Study material: Begin

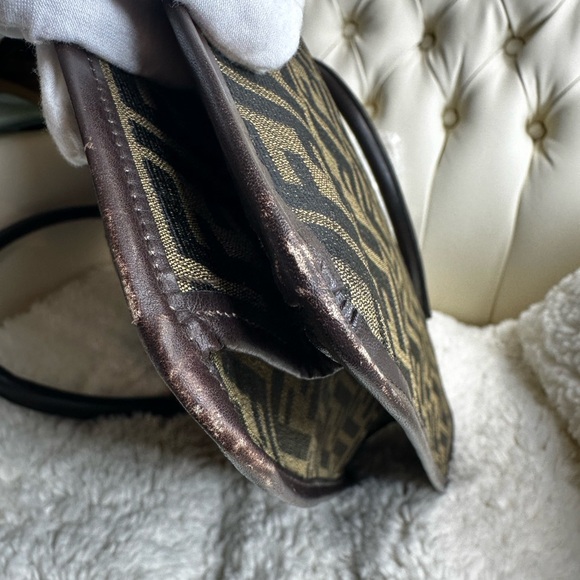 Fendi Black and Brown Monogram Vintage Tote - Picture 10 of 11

Study material: End
Study material: Begin

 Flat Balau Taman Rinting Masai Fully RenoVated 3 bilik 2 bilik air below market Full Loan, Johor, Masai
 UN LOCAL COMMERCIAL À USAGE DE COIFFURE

Study material: End

**Work order:**
The listing above holds a line with "Flat Balau Taman" and a line with "UN LOCAL COMMERCIAL À USAGE DE COIFFURE". Print the stretch from the first through the second, exactly and alone.

**Solution below:**
 Flat Balau Taman Rinting Masai Fully RenoVated 3 bilik 2 bilik air below market Full Loan, Johor, Masai
 UN LOCAL COMMERCIAL À USAGE DE COIFFURE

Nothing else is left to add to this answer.